I can’t hear you over my talking

Many people that I personally interacted with today are worried about what President-elect Donald Trump will do to them;  their relationships, their bodies, their jobs.  I didn’t understand until I thought:  Would I be concerned about my religious rights and freedom of speech rights if Hillary Clinton had won?  I am very scared of the trouble her presidency would have caused me and worried if I would be willing to stay true to Jesus in the face of unknown suffering.

These people are also tired of hearing, “Don’t worry,” “Get over it,” and other mindless remarks by friends, family, etc. that may show they don’t understand, don’t care or both.

What I am trying to do is listen with my heart for their heart.  We are all people and we all have a story.  If I interrupt, judge, give advice am I going to hear their story?  Do I really just want to hear myself talk and confirm to myself how brilliant I am in my own eyes or do I want to discover another beautiful human being and their unique story?

Everyone’s opinion makes sense to them.  If I listen long enough they may tell me why they feel the way they do.  Today I heard why someone believes in doing something I wouldn’t do.  And from their perspective it made sense.

This presidential election proved that most people want to be heard.  And “the other side” has feelings and concerns that don’t make sense.

Until you listen.

It’s not so much that I need to know what to do; it’s that I need to do what I know.

The title is from https://i-m-4-u.com/2013/07/14/forgiving-can-be-tough/ and captures part of my struggle.  The other part is that I definitely need to know more.  And yet the two are intertwined.

God will not give me more instruction if I am not doing what he has already given me.  If I want to know more I have to actually do more of what he has already said .  That’s the hard part.

Or is it?  I have the most fun when I am obeying God.

I think for me it is the process of deciding to obey God that is the toughest part.  I have to risk, and trust Him that what I don’t want to do now is exactly what I will be glad I did later.  Many times I feel alone when deciding.  (This may be why I need to be part of a small group).  No matter what help I have, it is in the end my decision.  And if I want to know more, if I want to experience Jesus closer to me, I must obey Him.

Confict? Old and New Testament concerning "Did God pass the "test"? (posted Sunday 9/29/13)
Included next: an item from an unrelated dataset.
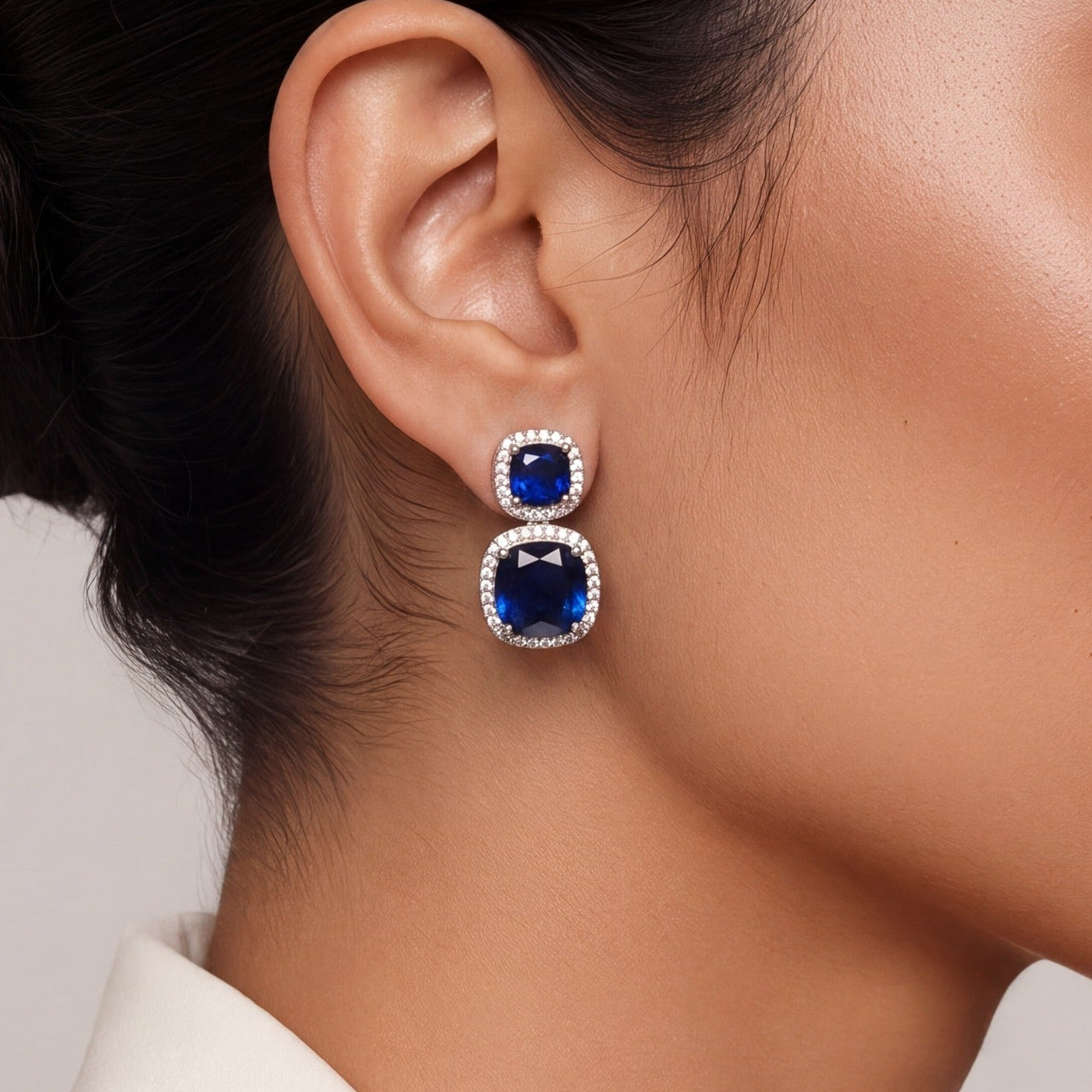 Dazzling Design Silver Plated Crystal Stones Earrings For Girls/women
Three years ago our family double tithed (gave 20% of our income) for the month of September.  I got the job of my dreams and many other things happened that were wonderful.  Then I listen to Andrew Farley’s interpretation of tithing more recently: The New Testament Church is not given a command to obey the Law or to tithe.  We are commanded to love, by walking with and keeping in step with the Spirit.  Specifically relating to giving we are told to give generously what we want to give, not under compulsion; that is, with joy.  So is the New Testament in conflict with the Old Testament?

Not at all.

Jesus said, “It is for freedom I have set you free.”  And, “If the Son sets you free, you will be free indeed.”  The Law was a fixed command.  But now Jesus and God live in us by the Holy Spirit.  Jesus can tell us exactly what He wants, He can customize His will to our unique situation.  And we can freely choose to do what He wants us to do.  And reap the positive consequences of obeying the One Who Loves Us Most.

Until Jesus tells me otherwise, we will tithe (out of our own free will).  Not because we feel obligated by law.  But because we love Jesus.